- **YOUR INSTRUCTIONS**: Lines from the beginning of the data below through the one containing "Blue Skies Plaid Coat" are to be printed exactly as they appear.

-------------------------

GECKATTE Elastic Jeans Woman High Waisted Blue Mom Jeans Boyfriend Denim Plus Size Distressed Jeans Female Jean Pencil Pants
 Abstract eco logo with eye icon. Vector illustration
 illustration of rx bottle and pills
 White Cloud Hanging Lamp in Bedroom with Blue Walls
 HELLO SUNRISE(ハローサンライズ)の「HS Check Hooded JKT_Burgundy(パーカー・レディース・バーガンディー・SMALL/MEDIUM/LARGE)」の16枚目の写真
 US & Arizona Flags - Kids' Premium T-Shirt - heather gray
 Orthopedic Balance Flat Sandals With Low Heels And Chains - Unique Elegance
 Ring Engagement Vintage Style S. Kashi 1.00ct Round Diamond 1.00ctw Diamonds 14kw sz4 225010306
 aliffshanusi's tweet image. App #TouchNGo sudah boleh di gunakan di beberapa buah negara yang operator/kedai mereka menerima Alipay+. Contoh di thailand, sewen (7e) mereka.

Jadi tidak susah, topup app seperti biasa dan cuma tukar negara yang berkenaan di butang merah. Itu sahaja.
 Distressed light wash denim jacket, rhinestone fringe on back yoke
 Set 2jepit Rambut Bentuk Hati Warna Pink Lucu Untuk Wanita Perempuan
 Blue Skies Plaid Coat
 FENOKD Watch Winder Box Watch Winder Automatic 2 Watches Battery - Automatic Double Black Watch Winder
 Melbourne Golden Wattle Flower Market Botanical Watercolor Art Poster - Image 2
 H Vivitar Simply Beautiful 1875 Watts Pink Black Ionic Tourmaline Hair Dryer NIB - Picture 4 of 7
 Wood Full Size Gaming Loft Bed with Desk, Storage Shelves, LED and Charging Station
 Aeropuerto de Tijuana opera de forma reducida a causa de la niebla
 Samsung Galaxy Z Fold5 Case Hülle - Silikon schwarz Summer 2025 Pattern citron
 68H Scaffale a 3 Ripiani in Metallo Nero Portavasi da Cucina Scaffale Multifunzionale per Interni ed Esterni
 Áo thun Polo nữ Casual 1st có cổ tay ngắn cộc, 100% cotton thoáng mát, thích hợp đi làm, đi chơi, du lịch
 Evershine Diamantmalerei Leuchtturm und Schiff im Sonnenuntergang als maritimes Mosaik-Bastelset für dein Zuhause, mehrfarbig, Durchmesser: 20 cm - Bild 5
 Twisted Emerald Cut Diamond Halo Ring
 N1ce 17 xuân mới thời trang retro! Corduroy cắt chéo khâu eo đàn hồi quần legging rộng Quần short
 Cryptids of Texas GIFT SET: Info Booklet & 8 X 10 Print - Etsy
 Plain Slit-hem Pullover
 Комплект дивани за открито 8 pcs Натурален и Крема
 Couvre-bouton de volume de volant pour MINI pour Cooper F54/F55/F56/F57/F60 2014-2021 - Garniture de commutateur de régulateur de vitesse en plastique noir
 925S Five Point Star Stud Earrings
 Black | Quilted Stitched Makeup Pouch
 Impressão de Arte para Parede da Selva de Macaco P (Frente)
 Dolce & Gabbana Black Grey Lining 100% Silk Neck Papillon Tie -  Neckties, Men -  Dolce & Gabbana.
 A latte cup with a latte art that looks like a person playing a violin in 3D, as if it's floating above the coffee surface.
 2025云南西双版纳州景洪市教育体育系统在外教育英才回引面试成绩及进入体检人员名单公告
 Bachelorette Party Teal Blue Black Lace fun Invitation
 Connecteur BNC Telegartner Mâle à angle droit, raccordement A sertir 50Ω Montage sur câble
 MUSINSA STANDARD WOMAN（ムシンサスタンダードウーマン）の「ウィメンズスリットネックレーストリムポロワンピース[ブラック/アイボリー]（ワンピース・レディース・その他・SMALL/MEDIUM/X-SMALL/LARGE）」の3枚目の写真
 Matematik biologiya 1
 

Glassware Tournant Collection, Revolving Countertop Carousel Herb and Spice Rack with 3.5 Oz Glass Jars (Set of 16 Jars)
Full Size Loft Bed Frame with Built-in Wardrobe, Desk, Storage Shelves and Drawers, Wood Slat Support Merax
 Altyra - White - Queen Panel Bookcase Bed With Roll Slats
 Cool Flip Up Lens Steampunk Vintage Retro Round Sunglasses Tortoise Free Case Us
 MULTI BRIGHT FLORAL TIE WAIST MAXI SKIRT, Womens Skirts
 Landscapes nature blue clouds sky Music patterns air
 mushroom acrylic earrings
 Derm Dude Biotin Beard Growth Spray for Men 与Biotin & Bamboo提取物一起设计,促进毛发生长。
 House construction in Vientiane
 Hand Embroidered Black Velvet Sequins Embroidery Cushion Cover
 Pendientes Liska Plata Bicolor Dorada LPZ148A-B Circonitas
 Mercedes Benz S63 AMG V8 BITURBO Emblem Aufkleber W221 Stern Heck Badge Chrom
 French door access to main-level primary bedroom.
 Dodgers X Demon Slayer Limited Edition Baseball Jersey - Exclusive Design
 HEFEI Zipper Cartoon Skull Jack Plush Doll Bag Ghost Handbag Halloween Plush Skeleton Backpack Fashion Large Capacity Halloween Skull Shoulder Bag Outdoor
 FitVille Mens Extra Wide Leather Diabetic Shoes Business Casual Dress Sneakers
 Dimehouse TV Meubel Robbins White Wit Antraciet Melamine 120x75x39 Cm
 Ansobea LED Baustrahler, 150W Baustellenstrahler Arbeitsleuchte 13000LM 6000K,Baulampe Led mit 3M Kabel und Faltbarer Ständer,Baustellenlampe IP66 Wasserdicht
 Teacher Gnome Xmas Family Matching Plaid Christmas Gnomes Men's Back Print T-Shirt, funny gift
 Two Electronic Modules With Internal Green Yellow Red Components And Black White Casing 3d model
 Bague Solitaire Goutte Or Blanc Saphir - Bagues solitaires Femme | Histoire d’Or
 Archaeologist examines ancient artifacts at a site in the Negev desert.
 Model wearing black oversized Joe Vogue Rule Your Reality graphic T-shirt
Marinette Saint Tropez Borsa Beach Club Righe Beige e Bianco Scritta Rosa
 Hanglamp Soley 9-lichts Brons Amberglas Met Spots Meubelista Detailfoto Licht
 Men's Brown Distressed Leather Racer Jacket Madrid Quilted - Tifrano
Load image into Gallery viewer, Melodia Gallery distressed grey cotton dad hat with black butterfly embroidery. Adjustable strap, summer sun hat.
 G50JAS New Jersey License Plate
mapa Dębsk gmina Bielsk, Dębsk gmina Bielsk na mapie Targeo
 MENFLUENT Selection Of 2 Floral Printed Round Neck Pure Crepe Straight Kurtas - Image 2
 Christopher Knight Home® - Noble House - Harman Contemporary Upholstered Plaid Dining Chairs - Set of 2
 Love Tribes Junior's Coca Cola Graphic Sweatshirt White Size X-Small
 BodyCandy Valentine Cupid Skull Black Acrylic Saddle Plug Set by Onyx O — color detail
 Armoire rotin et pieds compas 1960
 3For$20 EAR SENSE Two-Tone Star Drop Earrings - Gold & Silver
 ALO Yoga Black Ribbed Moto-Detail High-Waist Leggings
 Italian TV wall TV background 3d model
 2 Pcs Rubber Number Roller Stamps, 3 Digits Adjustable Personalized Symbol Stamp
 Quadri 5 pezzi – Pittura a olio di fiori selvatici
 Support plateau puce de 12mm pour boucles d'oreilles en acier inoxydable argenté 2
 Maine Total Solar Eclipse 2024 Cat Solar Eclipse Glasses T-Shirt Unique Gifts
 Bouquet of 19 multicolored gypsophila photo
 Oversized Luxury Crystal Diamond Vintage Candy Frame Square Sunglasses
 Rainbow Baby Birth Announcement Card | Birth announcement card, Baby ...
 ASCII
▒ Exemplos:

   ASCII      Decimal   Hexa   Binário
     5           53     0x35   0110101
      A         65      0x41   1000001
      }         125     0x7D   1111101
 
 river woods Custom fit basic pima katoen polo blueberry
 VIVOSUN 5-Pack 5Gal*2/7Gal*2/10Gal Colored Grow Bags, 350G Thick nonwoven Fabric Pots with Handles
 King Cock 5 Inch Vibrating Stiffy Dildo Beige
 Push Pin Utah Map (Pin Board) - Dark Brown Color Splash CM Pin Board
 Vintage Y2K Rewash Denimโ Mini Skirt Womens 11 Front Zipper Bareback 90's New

-------------------------

- **EXERCISE RESULT**:
GECKATTE Elastic Jeans Woman High Waisted Blue Mom Jeans Boyfriend Denim Plus Size Distressed Jeans Female Jean Pencil Pants
 Abstract eco logo with eye icon. Vector illustration
 illustration of rx bottle and pills
 White Cloud Hanging Lamp in Bedroom with Blue Walls
 HELLO SUNRISE(ハローサンライズ)の「HS Check Hooded JKT_Burgundy(パーカー・レディース・バーガンディー・SMALL/MEDIUM/LARGE)」の16枚目の写真
 US & Arizona Flags - Kids' Premium T-Shirt - heather gray
 Orthopedic Balance Flat Sandals With Low Heels And Chains - Unique Elegance
 Ring Engagement Vintage Style S. Kashi 1.00ct Round Diamond 1.00ctw Diamonds 14kw sz4 225010306
 aliffshanusi's tweet image. App #TouchNGo sudah boleh di gunakan di beberapa buah negara yang operator/kedai mereka menerima Alipay+. Contoh di thailand, sewen (7e) mereka.

Jadi tidak susah, topup app seperti biasa dan cuma tukar negara yang berkenaan di butang merah. Itu sahaja.
 Distressed light wash denim jacket, rhinestone fringe on back yoke
 Set 2jepit Rambut Bentuk Hati Warna Pink Lucu Untuk Wanita Perempuan
 Blue Skies Plaid Coat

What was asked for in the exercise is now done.